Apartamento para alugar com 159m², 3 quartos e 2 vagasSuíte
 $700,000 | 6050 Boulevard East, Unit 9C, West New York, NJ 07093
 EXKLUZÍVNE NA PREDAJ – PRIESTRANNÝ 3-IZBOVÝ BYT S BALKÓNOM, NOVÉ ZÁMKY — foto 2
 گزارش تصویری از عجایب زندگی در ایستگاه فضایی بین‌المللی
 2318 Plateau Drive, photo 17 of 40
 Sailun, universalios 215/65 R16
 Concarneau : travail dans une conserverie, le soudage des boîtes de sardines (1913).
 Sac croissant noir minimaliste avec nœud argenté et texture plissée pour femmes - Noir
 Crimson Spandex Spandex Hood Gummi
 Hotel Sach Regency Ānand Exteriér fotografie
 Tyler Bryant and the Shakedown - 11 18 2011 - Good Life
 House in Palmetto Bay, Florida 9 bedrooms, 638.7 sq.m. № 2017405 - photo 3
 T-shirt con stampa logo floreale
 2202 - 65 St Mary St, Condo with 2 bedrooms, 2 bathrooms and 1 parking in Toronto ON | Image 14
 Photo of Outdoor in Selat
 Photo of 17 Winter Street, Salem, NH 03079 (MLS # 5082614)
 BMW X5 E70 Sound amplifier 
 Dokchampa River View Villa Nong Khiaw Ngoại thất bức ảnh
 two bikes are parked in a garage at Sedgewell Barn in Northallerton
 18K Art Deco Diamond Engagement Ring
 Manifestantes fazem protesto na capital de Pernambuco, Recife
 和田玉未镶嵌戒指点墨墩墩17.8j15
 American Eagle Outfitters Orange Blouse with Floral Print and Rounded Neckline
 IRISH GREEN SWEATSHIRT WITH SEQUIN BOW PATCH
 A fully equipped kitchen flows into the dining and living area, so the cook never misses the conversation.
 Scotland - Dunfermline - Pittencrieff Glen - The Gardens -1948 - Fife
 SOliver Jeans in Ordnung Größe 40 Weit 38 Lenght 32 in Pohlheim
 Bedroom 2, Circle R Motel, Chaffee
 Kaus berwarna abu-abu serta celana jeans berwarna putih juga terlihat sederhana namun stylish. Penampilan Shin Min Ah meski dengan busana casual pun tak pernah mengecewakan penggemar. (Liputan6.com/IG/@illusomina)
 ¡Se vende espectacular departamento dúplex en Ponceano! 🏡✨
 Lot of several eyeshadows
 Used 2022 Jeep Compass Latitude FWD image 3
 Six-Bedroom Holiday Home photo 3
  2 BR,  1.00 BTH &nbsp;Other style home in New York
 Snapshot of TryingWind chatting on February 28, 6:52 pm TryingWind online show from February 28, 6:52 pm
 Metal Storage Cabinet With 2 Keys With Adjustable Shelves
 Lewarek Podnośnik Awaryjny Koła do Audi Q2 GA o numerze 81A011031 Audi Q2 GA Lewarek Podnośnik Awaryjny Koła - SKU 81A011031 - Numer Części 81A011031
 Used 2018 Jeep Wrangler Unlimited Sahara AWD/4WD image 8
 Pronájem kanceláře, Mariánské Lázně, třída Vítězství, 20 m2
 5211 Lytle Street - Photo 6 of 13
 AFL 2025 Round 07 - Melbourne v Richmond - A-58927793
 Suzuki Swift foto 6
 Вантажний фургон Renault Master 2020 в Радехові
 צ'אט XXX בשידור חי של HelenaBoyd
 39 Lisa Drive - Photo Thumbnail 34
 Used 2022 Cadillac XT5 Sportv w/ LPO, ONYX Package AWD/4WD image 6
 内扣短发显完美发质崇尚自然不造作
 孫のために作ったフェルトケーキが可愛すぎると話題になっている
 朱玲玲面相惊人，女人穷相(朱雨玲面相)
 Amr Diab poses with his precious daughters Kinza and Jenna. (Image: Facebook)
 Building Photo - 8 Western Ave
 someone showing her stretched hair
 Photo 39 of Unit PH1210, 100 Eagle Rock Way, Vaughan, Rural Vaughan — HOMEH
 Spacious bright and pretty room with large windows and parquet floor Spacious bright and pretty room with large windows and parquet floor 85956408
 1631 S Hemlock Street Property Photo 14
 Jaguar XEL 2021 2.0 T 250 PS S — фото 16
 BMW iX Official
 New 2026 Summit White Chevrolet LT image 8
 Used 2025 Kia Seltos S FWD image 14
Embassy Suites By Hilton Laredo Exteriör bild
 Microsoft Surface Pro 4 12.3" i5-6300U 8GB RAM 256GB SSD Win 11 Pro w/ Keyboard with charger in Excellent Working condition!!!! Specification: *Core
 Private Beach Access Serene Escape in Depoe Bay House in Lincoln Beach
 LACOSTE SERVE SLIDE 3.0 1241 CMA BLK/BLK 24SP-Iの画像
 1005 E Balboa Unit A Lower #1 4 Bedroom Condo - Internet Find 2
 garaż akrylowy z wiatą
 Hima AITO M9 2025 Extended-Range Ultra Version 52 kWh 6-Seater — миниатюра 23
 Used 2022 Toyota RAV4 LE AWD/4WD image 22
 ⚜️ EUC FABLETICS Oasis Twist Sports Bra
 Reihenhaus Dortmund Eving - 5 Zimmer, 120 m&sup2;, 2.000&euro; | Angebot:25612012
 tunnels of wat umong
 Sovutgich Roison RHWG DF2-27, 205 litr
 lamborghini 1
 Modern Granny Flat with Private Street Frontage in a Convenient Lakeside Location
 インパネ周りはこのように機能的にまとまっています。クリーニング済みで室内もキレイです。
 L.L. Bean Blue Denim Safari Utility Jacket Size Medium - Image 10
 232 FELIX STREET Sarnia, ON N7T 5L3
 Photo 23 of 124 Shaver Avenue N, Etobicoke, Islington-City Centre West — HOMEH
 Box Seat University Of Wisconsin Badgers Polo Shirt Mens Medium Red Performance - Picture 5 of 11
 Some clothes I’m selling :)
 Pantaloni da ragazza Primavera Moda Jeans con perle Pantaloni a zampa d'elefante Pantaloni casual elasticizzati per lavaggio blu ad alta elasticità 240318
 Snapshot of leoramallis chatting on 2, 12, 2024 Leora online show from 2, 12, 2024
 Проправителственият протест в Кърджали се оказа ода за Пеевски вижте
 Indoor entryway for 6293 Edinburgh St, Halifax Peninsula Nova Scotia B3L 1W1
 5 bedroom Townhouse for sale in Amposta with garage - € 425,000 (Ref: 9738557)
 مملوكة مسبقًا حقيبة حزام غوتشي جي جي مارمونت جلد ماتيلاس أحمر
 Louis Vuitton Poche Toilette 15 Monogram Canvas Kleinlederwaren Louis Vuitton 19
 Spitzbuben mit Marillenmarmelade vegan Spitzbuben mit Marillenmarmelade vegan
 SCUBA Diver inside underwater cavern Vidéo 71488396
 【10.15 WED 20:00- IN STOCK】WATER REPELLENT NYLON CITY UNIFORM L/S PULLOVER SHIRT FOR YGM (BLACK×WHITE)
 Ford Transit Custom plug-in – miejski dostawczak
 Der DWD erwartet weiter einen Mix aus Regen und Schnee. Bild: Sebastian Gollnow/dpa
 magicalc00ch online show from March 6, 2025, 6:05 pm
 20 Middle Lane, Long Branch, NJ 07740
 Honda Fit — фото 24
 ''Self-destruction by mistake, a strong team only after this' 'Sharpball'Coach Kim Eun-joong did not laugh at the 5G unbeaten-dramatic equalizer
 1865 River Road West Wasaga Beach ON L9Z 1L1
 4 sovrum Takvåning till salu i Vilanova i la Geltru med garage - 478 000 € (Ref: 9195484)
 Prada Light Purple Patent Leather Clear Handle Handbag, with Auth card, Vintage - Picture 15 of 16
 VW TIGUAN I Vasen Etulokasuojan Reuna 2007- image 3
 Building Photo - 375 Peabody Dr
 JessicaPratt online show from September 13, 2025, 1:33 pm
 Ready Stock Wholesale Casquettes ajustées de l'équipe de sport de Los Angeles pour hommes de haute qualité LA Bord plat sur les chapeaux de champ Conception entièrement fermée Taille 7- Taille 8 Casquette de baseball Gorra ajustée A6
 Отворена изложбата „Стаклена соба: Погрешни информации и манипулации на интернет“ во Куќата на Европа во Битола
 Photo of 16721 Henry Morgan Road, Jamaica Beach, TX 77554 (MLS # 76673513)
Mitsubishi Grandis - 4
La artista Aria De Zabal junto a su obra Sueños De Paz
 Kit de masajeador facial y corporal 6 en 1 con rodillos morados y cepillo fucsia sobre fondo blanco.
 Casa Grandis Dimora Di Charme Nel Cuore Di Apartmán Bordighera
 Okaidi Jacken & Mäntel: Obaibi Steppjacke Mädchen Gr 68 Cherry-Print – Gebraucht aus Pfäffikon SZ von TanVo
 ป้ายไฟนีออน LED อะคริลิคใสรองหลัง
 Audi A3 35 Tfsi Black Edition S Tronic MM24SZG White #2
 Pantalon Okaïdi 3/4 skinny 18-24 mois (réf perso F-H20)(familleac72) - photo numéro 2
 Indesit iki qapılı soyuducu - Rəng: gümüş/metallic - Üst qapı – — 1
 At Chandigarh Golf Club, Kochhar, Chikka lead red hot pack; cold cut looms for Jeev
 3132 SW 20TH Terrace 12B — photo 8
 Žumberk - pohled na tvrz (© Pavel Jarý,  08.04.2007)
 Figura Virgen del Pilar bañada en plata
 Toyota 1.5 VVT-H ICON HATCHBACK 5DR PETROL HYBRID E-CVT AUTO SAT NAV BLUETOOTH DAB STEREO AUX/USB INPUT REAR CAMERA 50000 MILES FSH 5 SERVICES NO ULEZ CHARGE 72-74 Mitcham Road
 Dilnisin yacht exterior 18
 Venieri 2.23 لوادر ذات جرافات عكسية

• _Exercise directions_
Each line of the material with the word "River" in it should be listed.

• _Expected answer_
 Dokchampa River View Villa Nong Khiaw Ngoại thất bức ảnh
 1865 River Road West Wasaga Beach ON L9Z 1L1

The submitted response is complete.